EXERCISE DETAILS:
Please transcribe every record below exactly, leaving out the pictures.

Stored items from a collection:
* * * * * * *

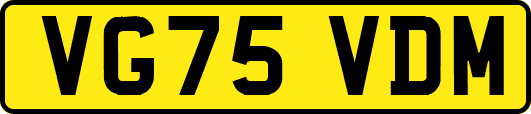 VG75VDM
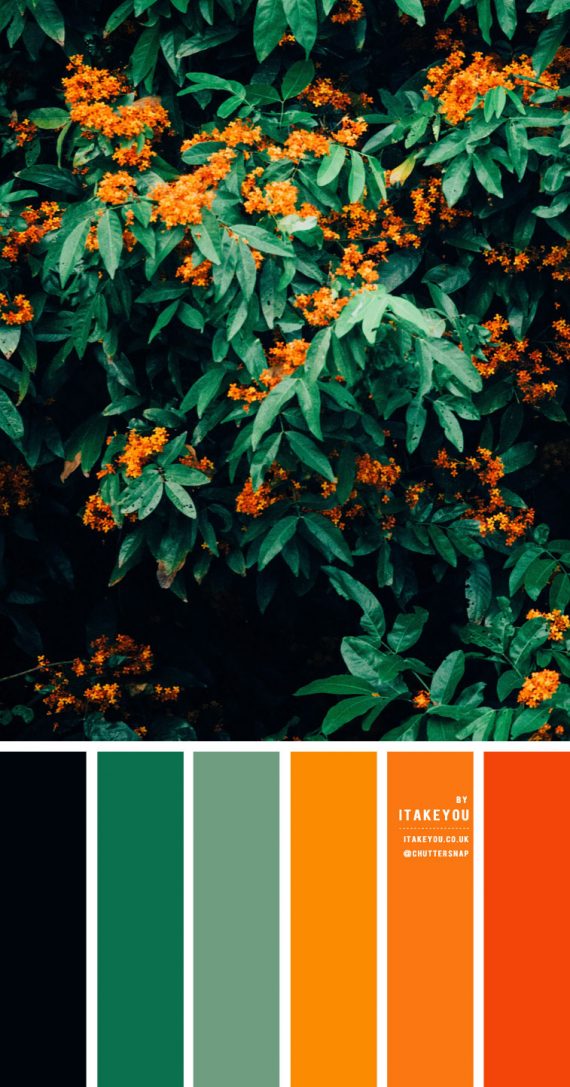 Black Green and Orange Color Scheme – Color Palette #32 I Take You ...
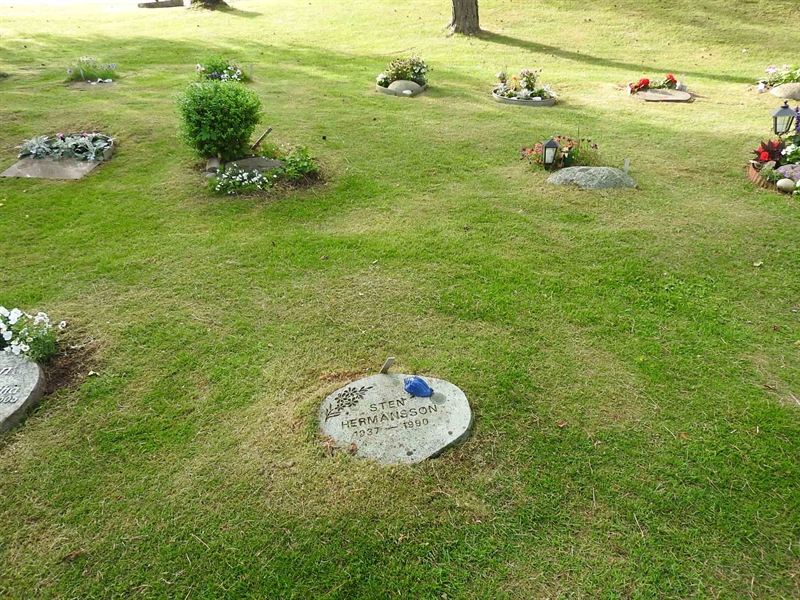 Hautatunnus: BK UA    73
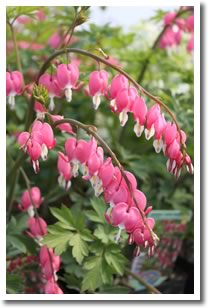 Bleeding Heart 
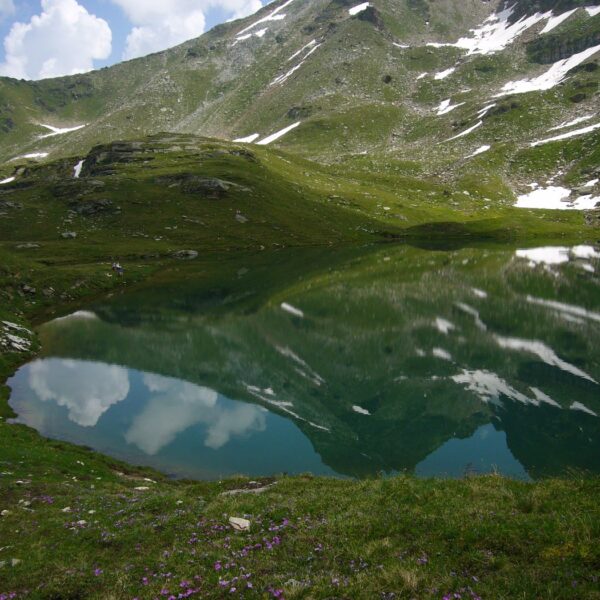 Selvasee Spiegelung: Bergsee mit grünen Wiesen und schneebedecktem Gipfel.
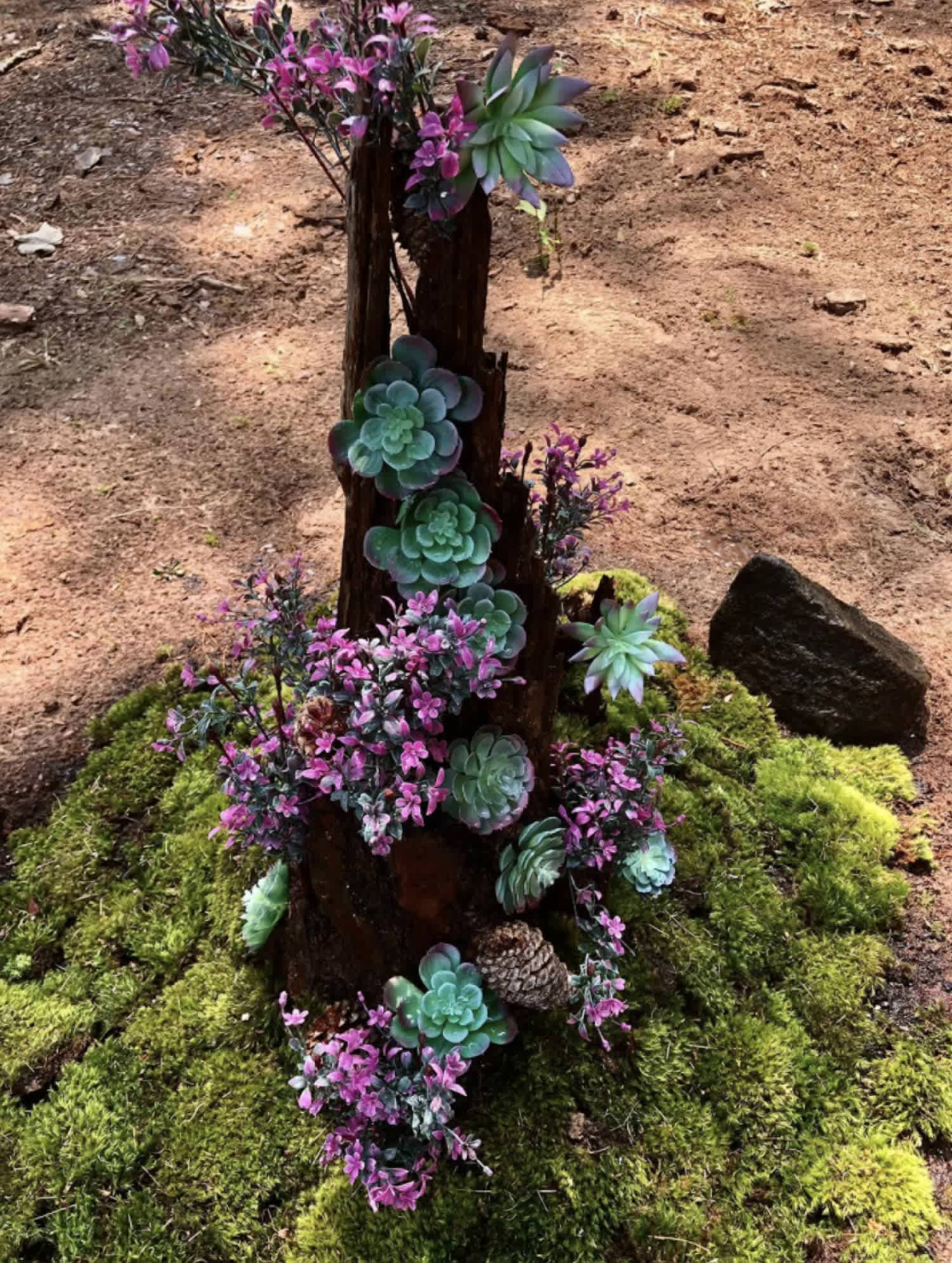 None A fairy garden oasis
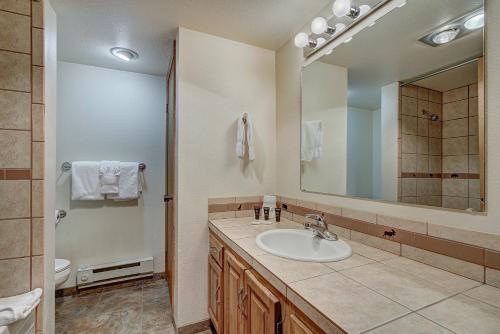 Atrium 304 - photo 24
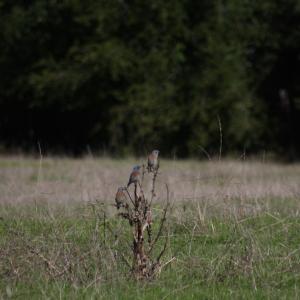 IMG 4953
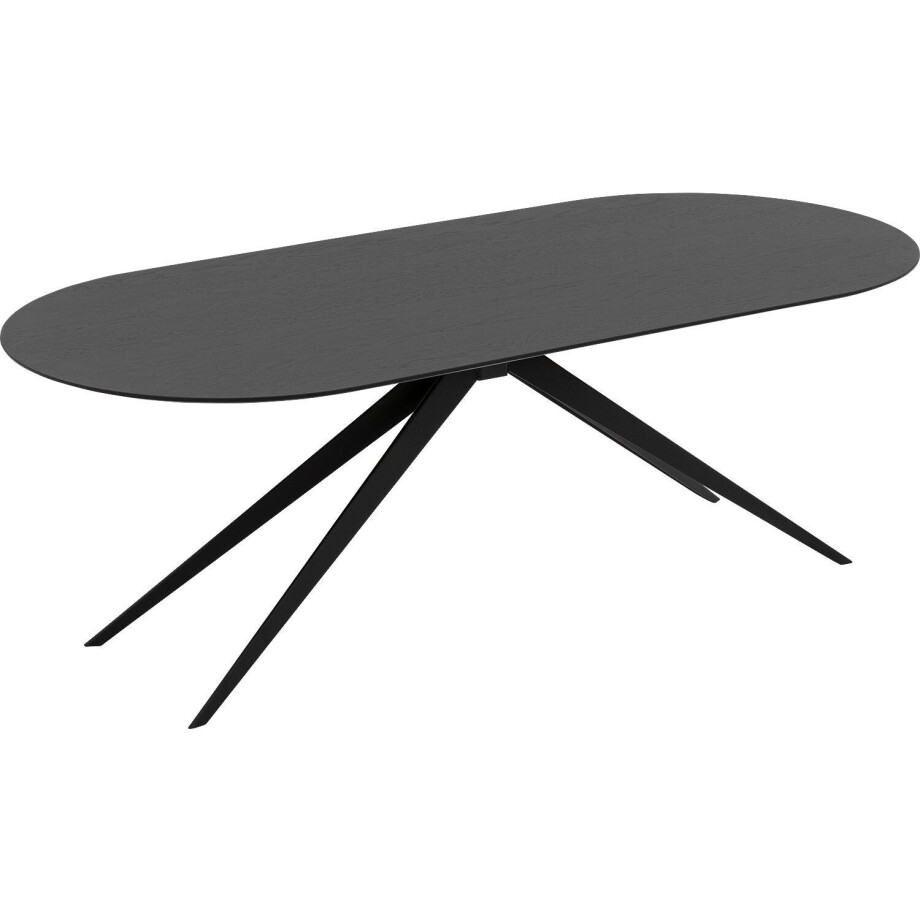 Goossens Excellent Eettafel Uniek, Semi rond 260 x 100 cm afbeelding 1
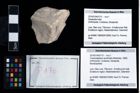 Foto (Objekt + Etikett) von Cracensigillatus acutirostris (Moericke, 1889)  (NHMW-GEO-2014-0194-0170)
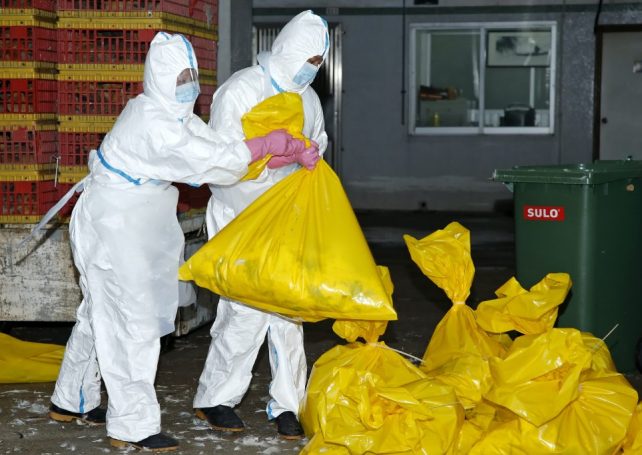 Live poultry sales suspended over bird flu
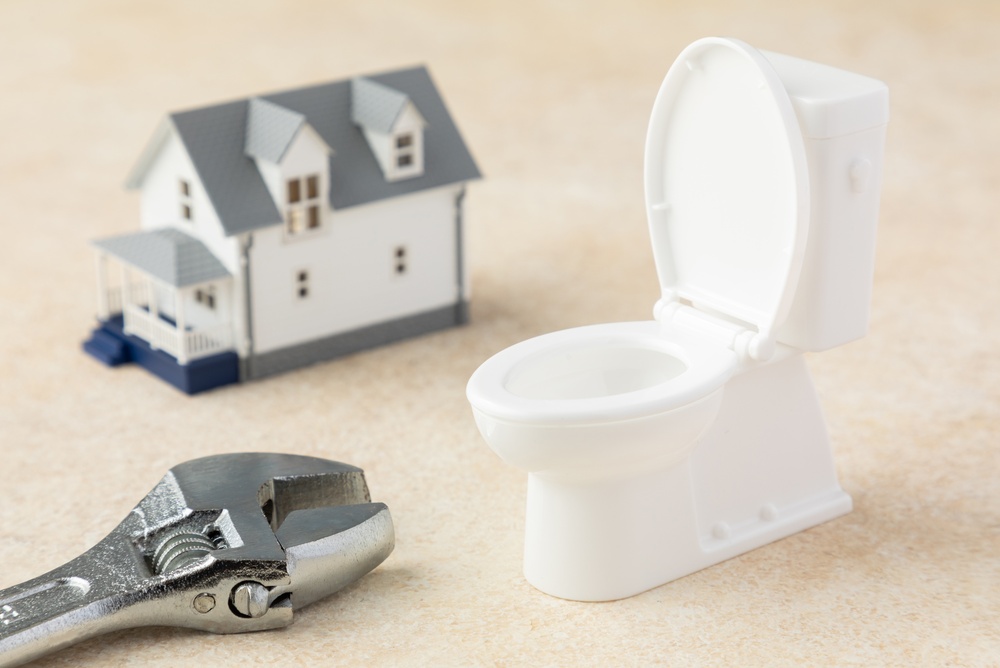 our go to toilet and why we rarely deviate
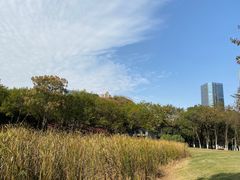 -后襄河公园
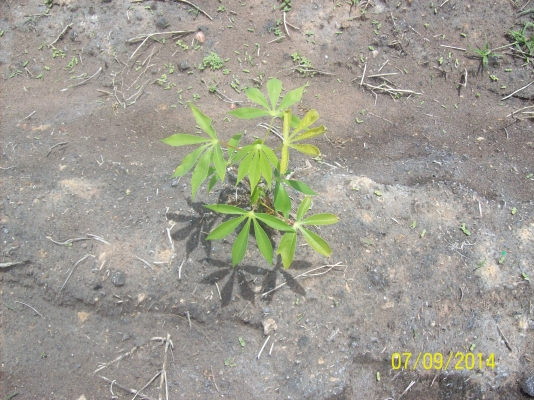 ขายขี้เถ้าแกลบ ขายขี้เถ้าแกลบ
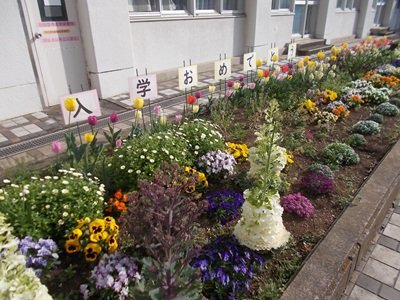 DSCN4414.JPG
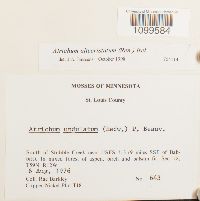 Atrichum altecristatum image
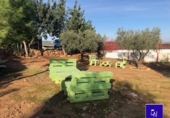 Отдельно стоящий дом с участком на продажу в городе Лора-дель-Рио. Фото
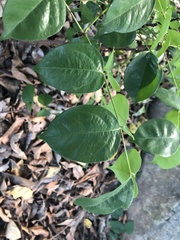 Averrhoa carambola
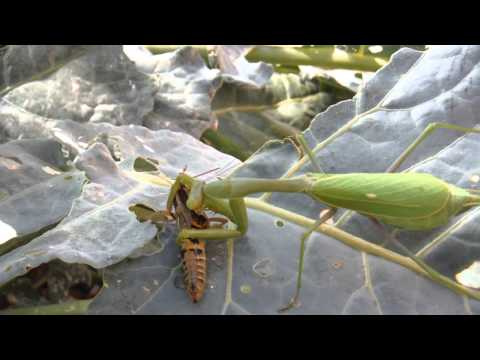 The Last Supper:  Mantis Style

* * * * * * *

RESULT FOR THIS TASK:
 VG75VDM
 Black Green and Orange Color Scheme – Color Palette #32 I Take You ...
 Hautatunnus: BK UA    73
 Bleeding Heart 
 Selvasee Spiegelung: Bergsee mit grünen Wiesen und schneebedecktem Gipfel.
 None A fairy garden oasis
 Atrium 304 - photo 24
 IMG 4953
 Goossens Excellent Eettafel Uniek, Semi rond 260 x 100 cm afbeelding 1
 Foto (Objekt + Etikett) von Cracensigillatus acutirostris (Moericke, 1889)  (NHMW-GEO-2014-0194-0170)
 Live poultry sales suspended over bird flu
 our go to toilet and why we rarely deviate
 -后襄河公园
 ขายขี้เถ้าแกลบ ขายขี้เถ้าแกลบ
 DSCN4414.JPG
 Atrichum altecristatum image
 Отдельно стоящий дом с участком на продажу в городе Лора-дель-Рио. Фото
 Averrhoa carambola
 The Last Supper:  Mantis Style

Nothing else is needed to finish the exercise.